* TASK DIRECTIONS *
Reproduce all the lines below exactly and omit the images.

* TASK DATA *
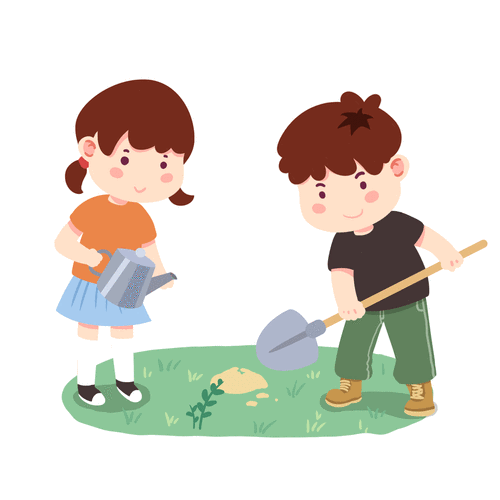 312这个植树节让我们一起搞绿色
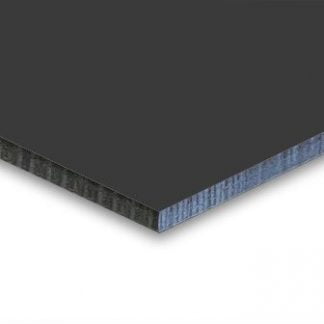 HPL Platte anthrazit 8 mm RAL 7016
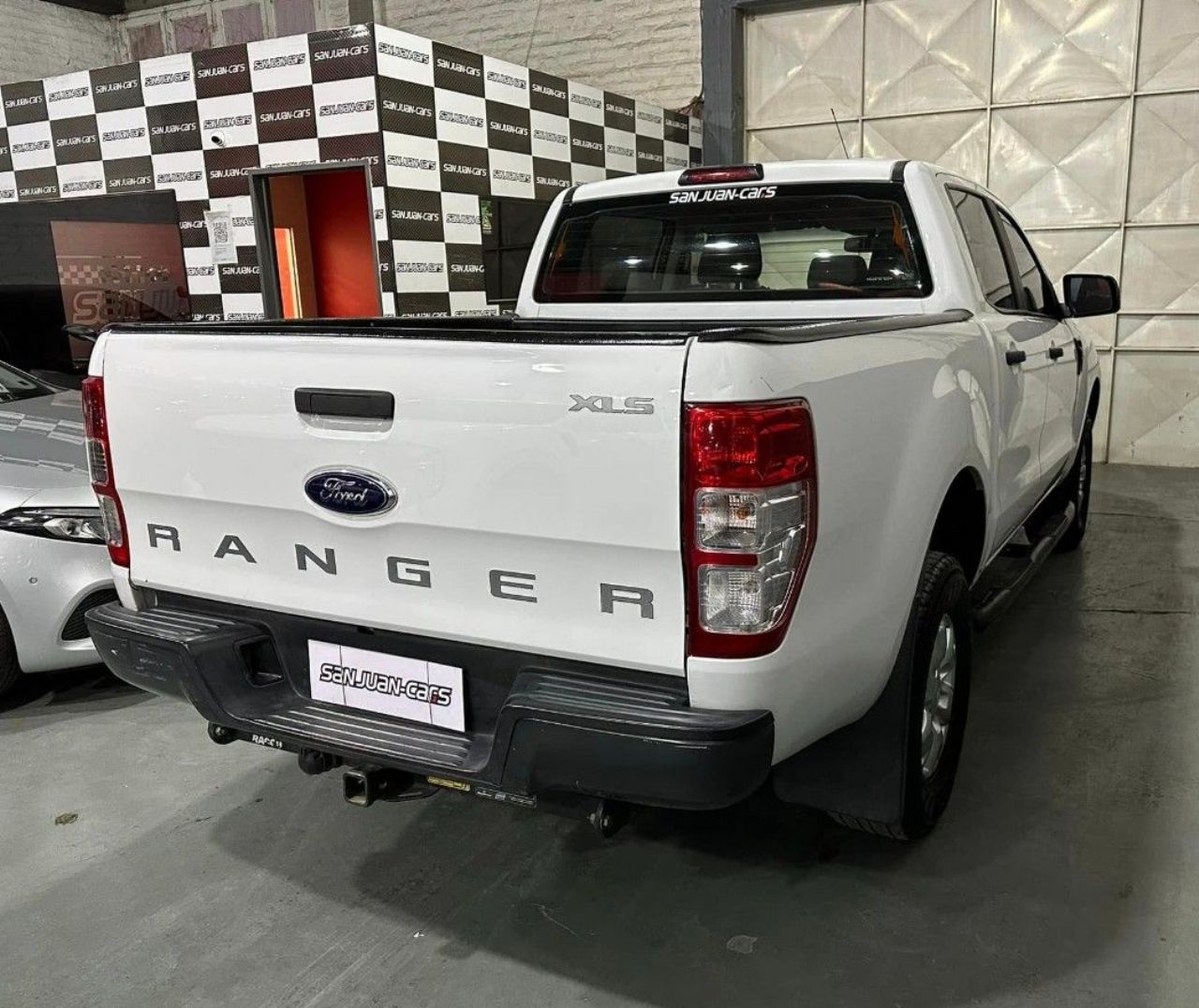 Ford Ranger Usada en San Juan, deRuedas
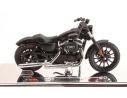 Maisto MI14075 HARLEY DAVIDSON 2014 SPORTSTER IRON 883 1:18 Modellino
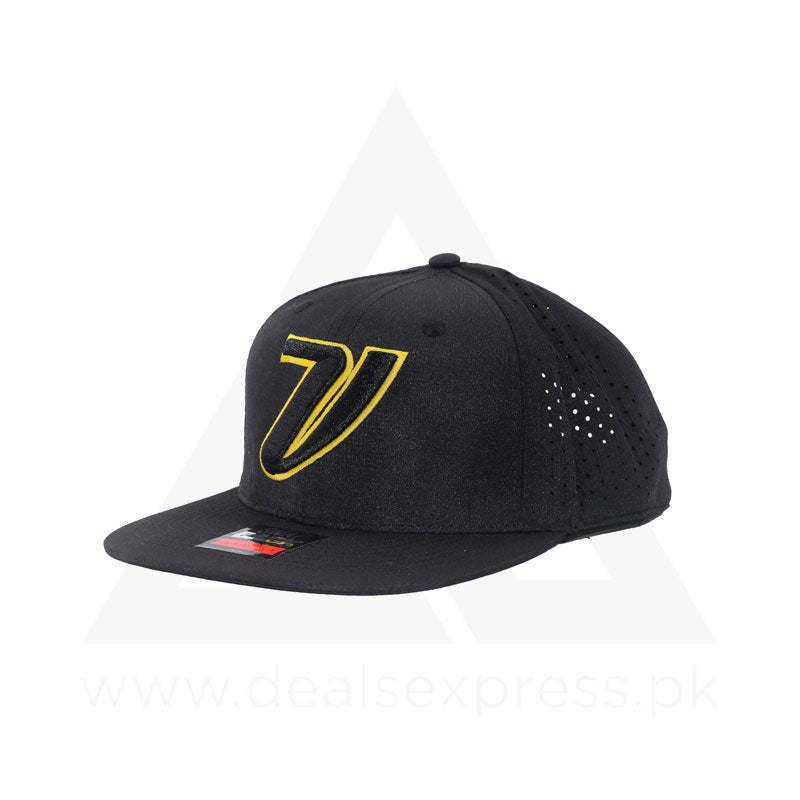 Vee Cap - Black A0426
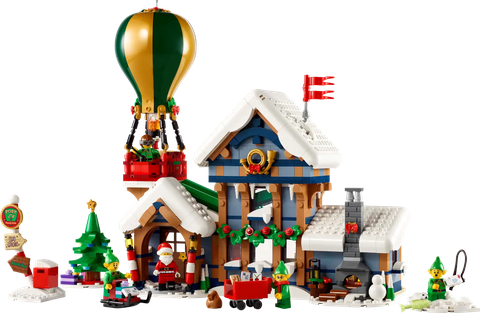 LEGO Santa's Post Office 10339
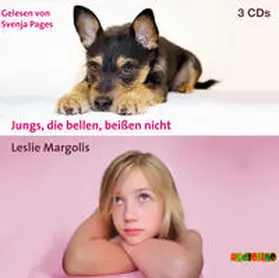 Margolis |  Jungs, die bellen, beißen nicht! | Sonstiges |  Sack Fachmedien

* EXERCISE SOLUTION *
 312这个植树节让我们一起搞绿色
 HPL Platte anthrazit 8 mm RAL 7016
 Ford Ranger Usada en San Juan, deRuedas
 Maisto MI14075 HARLEY DAVIDSON 2014 SPORTSTER IRON 883 1:18 Modellino
 Vee Cap - Black A0426
 LEGO Santa's Post Office 10339
 Margolis |  Jungs, die bellen, beißen nicht! | Sonstiges |  Sack Fachmedien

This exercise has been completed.